Smaller Sizes: Have You Met The “Mini Frappuccino”?

May 14, 2015

The other day in the news I read about a new concept that Starbucks has introduced called the “Mini Frappuccino.” This new 10-ounce size treat apparently increased overall store sales in test markets. The “mini” (obviously) means less calories and sugar versus the current Frappuccino menu offerings – small (“tall”), medium (“grande”) or large (“venti”). It’s unsurprising that in a time when more consumers are paying attention to what they put into their bodies, many would opt for a smaller, “healthier” version of their favorite beverages.

In fact, the article notes that the idea of smaller size portions sizes is happening elsewhere in food and beverage segments. Have you seen the 7.5-ounce Coca-Cola cans? How about the Sonic chain’s mini ice cream shakes and (limited time offer) of mini hot dogs and chicken sandwiches?

Operators and suppliers in our channel have interesting benefits and risks to consider:


  • It is a good idea for us (as a society and as individuals) to “eat healthy” – whatever that means to each of us. Smaller portions (or serving sizes) are one approach recommended by nutritionists and medical experts – my own doctor included.
  • In our business, an increasing number of our clients are demanding that we offer “healthier” selections. The benefits are easy to see – the people who purchase our food, snacks and beverages have a more varied and “better” set of choices each day.

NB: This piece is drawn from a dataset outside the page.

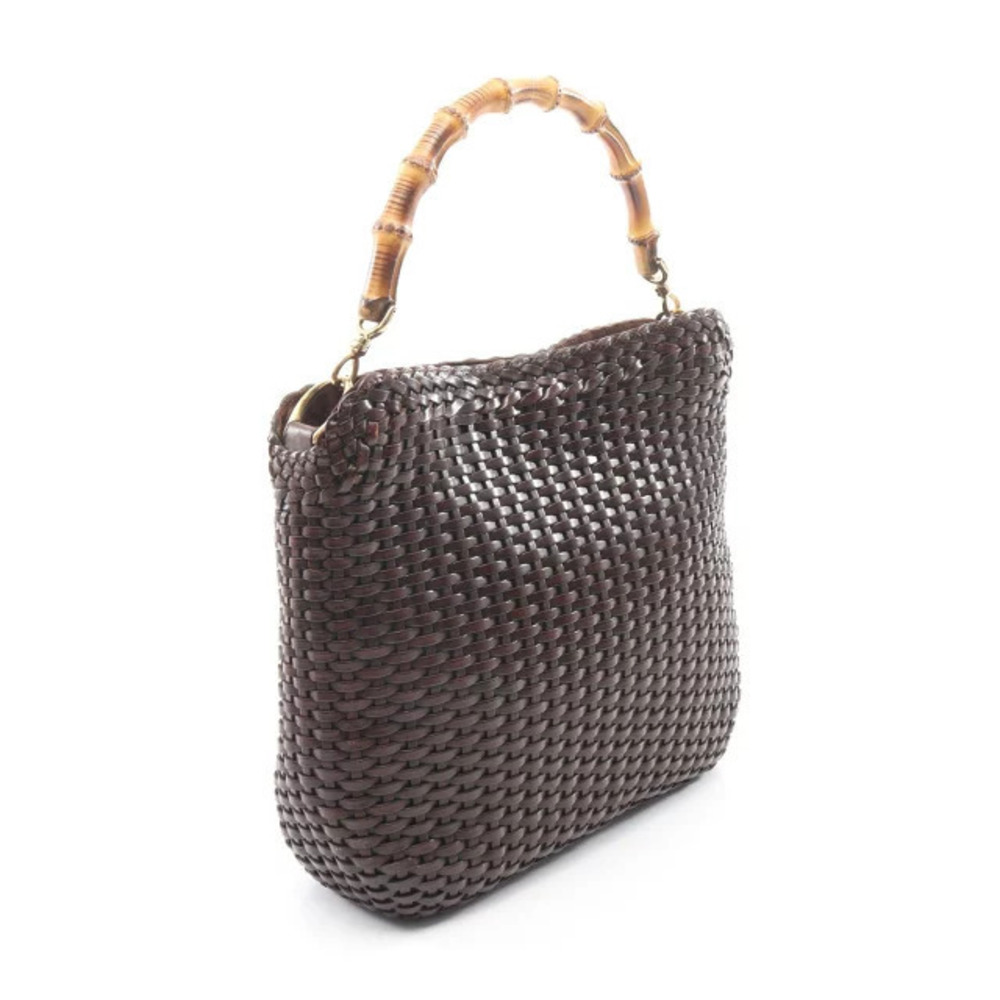 Gucci Handbag Bamboo Brown Leather Brown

  • One risk for operators is that the smaller size packages will sell at a lower (retail) price point. So even if we serve the same number of packages daily, total sales will likely be lower than before.
  • Another risk is that sales of BFY (better for you) products would cannibalize traditional products. In that case total sales dollars will likely increase (since many of these SKUs are more expensive). BUT, the higher price point might mean that people will purchase less frequently, possibly reducing overall unit volume and dollar sales.

Many micro market operators have enjoyed the very positive surprise of selling more higher-priced SKUs across all categories – products they might have never considered for their vending product line up.

My advice would be to pay attention to what restaurant chains are doing with mini products and keep up with new product introductions from suppliers in our channel. Additionally, it’s a good idea if you don’t already to watch the convenience store channel too. It seems likely that there will be more mini products in the news.

It will take very shrewd thinking about products to be offered and pricing strategies. This is a potential tipping point for our industry.